Existe um antigo problema filosófico conhecido como “problema das outras mentes”. Embora tenhamos acesso direto à nossa própria experiência consciente, não temos exatamente o mesmo acesso à experiência consciente das outras pessoas. Sabemos que pensamos porque temos acesso direto aos nossos próprios pensamentos, mas, quando olhamos para outra pessoa, tudo o que temos são seus comportamentos, suas palavras e aquilo que conseguimos inferir a partir deles.
Em princípio, portanto, não podemos ter a mesma certeza de que os outros possuem uma experiência consciente que temos em relação a nós mesmos. Poderíamos, em uma hipótese extrema, estar em um mundo no qual apenas nós tivéssemos consciência e os demais fossem aquilo que os filósofos chamam de “zumbis filosóficos”: seres que se comportam como pessoas conscientes, mas que não possuem qualquer experiência subjetiva.

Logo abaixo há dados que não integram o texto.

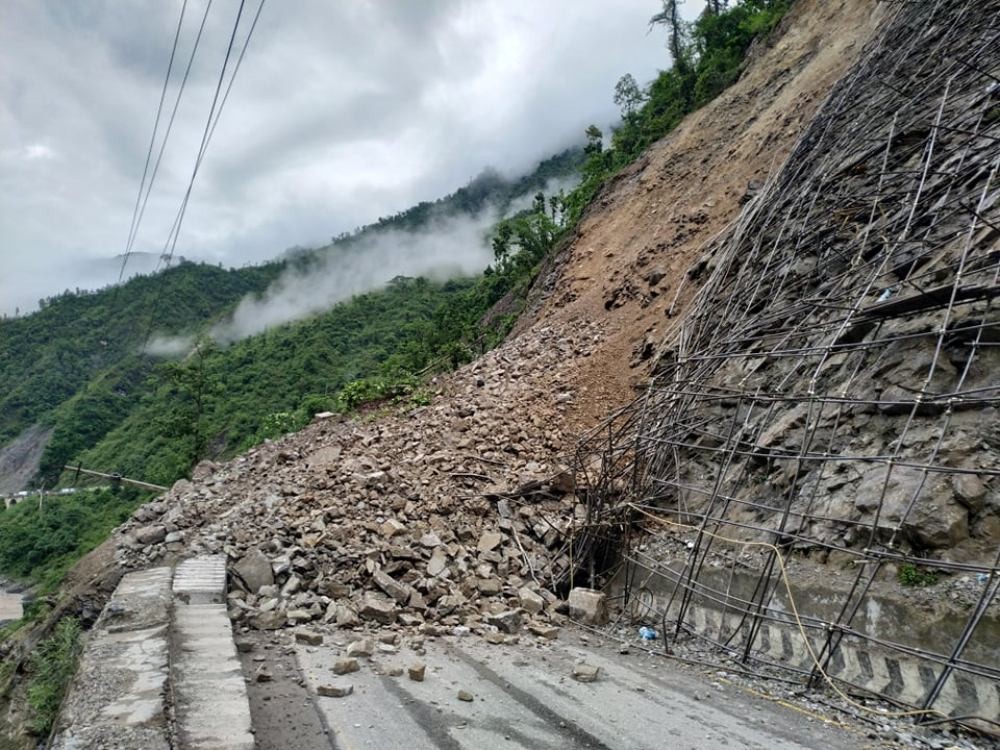 नारायणगढ–मुग्लिन सडक पुनः अवरुद्ध, भीमदत्त र पृथ्वी राजमार्ग पनि बन्द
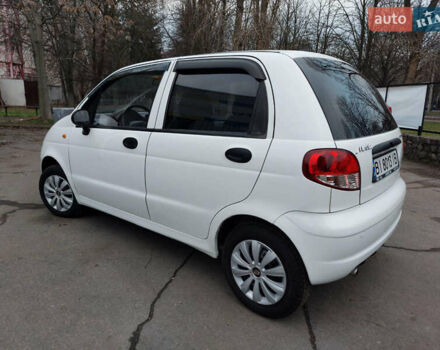 Белый Дэу Матиз, объемом двигателя 0.8 л и пробегом 63 тыс. км за 2700 $, фото 1 на Automoto.ua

Não acredito que vivamos em um mundo no qual apenas nós somos conscientes. Mas essa hipótese nos permite perguntar se todos nós somos zumbis em alguma medida. Não porque nos falte experiência consciente, mas porque uma parte de nossa vida é inevitavelmente conduzida de maneira praticamente automática. A diferença é que alguns parecem viver uma parcela maior de sua existência no piloto automático, enquanto outros dedicam uma parcela maior de sua consciência a examinar o que pensam, desejam e fazem.
Ninguém pode supervisionar conscientemente cada movimento da própria vida. Mas podemos diferir muito na frequência com que interrompemos o automatismo para perguntar por que estamos fazendo aquilo e se devemos continuar a fazê-lo. Quanto mais uma pessoa simplesmente responde aos estímulos, hábitos e desejos que surgem nela sem examiná-los, mais sua vida se aproxima da de um zumbi; quanto mais ela supervisiona conscientemente sua linha de ação, mais se distancia dela.
A questão perturbadora, portanto, não é apenas “será que estamos cercados de zumbis?”, mas outra: quanto da nossa própria vida vivemos como se fôssemos um deles?